**Your instructions**:
Pictures aside, repeat every record below exactly.

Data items
****************

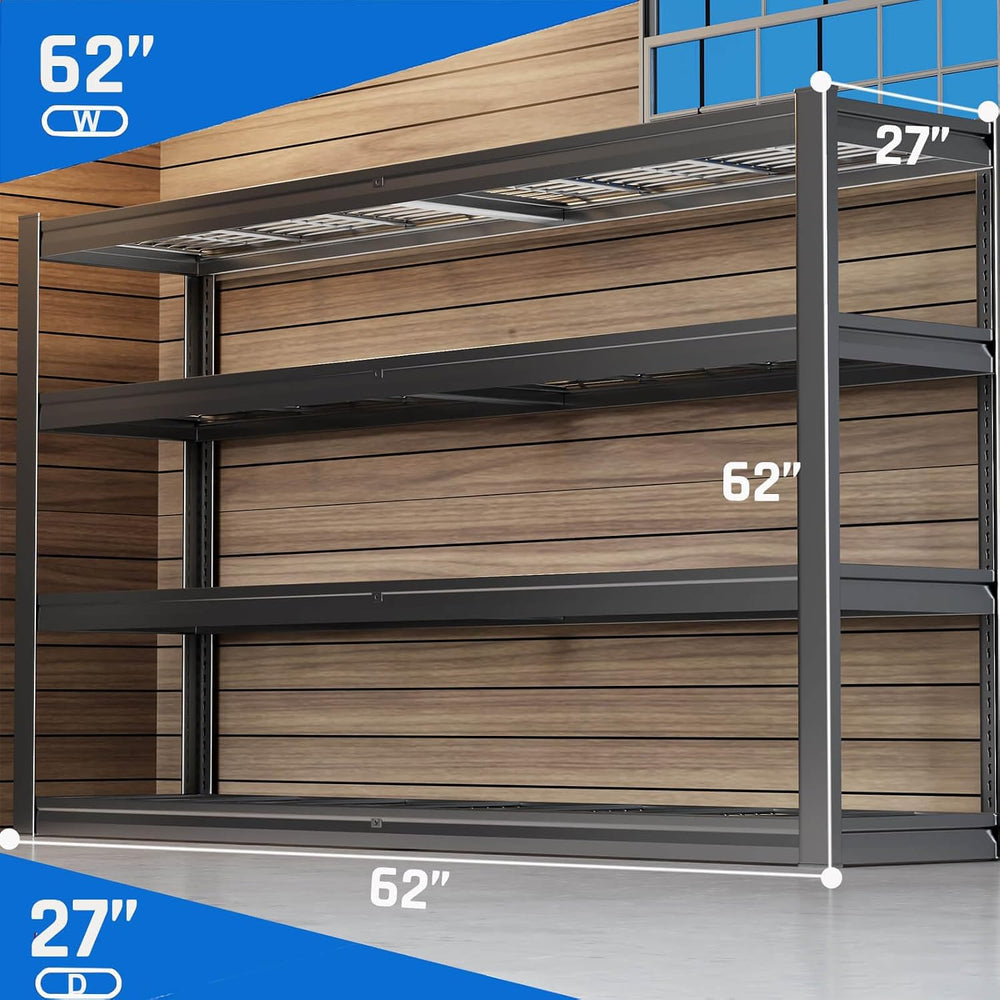 62" W Garage Shelving Heavy Duty, 4 Tier Garage Shelves, 27" D Adju...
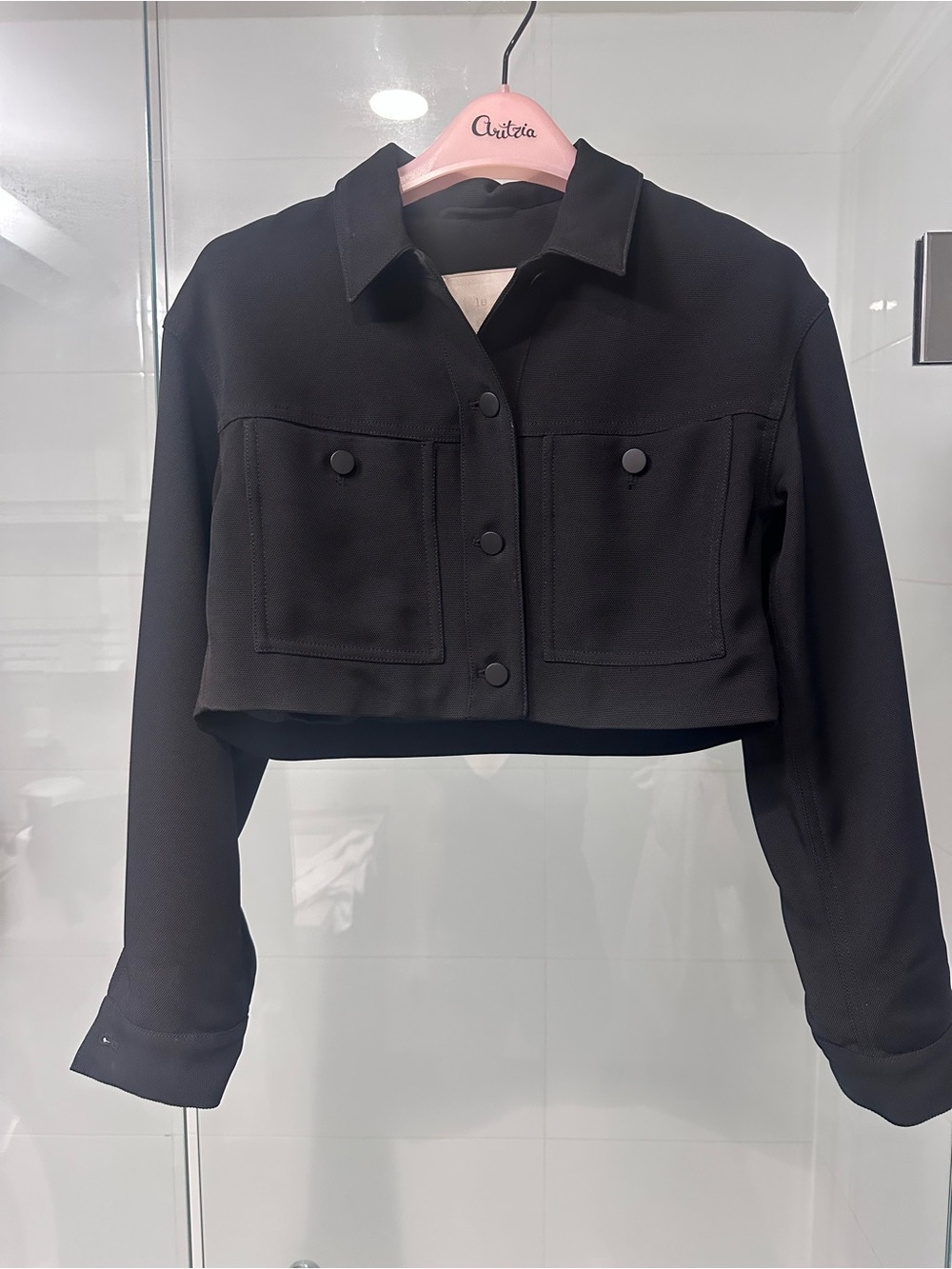 Wilfred Black Cropped Button-Front Jean Jacket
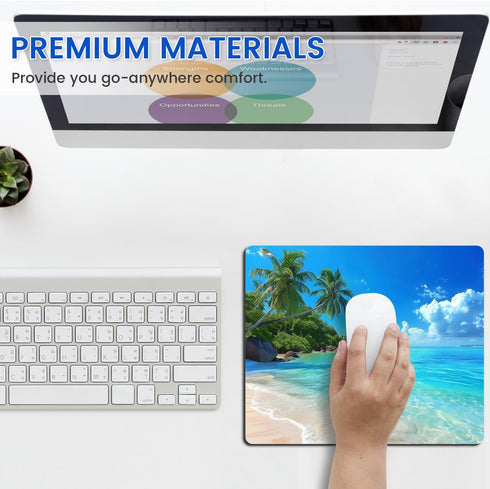 Mouse Pad - Non-Slip Rubber Base Mouse Mat, Waterproof Gaming Square Mouse Pad for Wireless Mouse, Computers, Laptop,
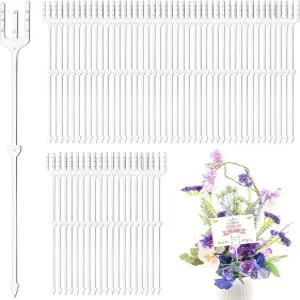 HJZII 80 PCS 플로럴 카드 홀더 픽 9.6 인치 플라스틱 플라워 부케 배열 결혼식 생일 파티 장식용 클리어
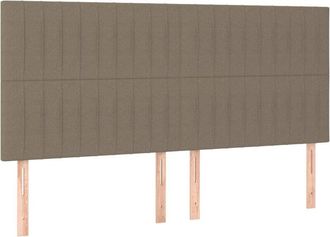 vidaXL Cabeceros 4 Unidades De Tela Gris Taupe 100x5x78/88 Cm Vidaxl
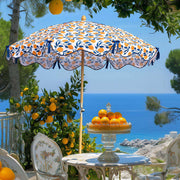 6 ft patio umbrella scalloped LAGarden 6ft Outdoor Patio Wood Market Umbrella Scalloped Edge 8-Rib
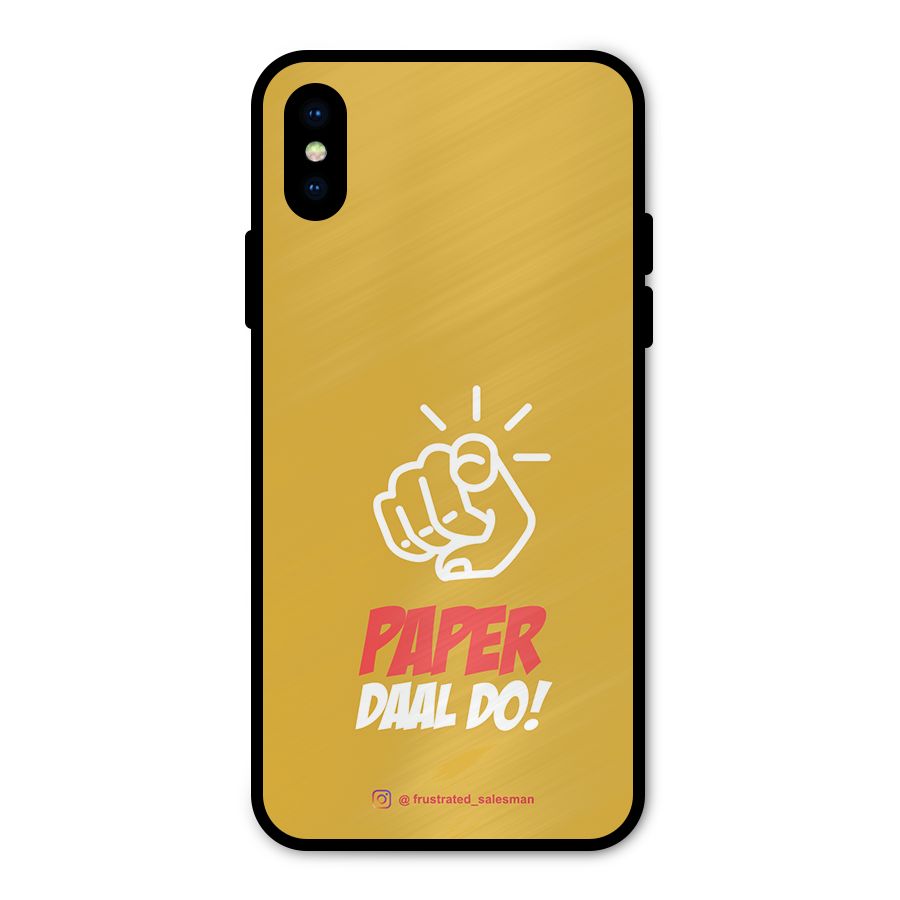 Paper Daal Do Mustard Yellow Metal Back Case for iPhone XS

****************

**Written reply**:
 62" W Garage Shelving Heavy Duty, 4 Tier Garage Shelves, 27" D Adju...
 Wilfred Black Cropped Button-Front Jean Jacket
 Mouse Pad - Non-Slip Rubber Base Mouse Mat, Waterproof Gaming Square Mouse Pad for Wireless Mouse, Computers, Laptop,
 HJZII 80 PCS 플로럴 카드 홀더 픽 9.6 인치 플라스틱 플라워 부케 배열 결혼식 생일 파티 장식용 클리어
 vidaXL Cabeceros 4 Unidades De Tela Gris Taupe 100x5x78/88 Cm Vidaxl
 6 ft patio umbrella scalloped LAGarden 6ft Outdoor Patio Wood Market Umbrella Scalloped Edge 8-Rib
 Paper Daal Do Mustard Yellow Metal Back Case for iPhone XS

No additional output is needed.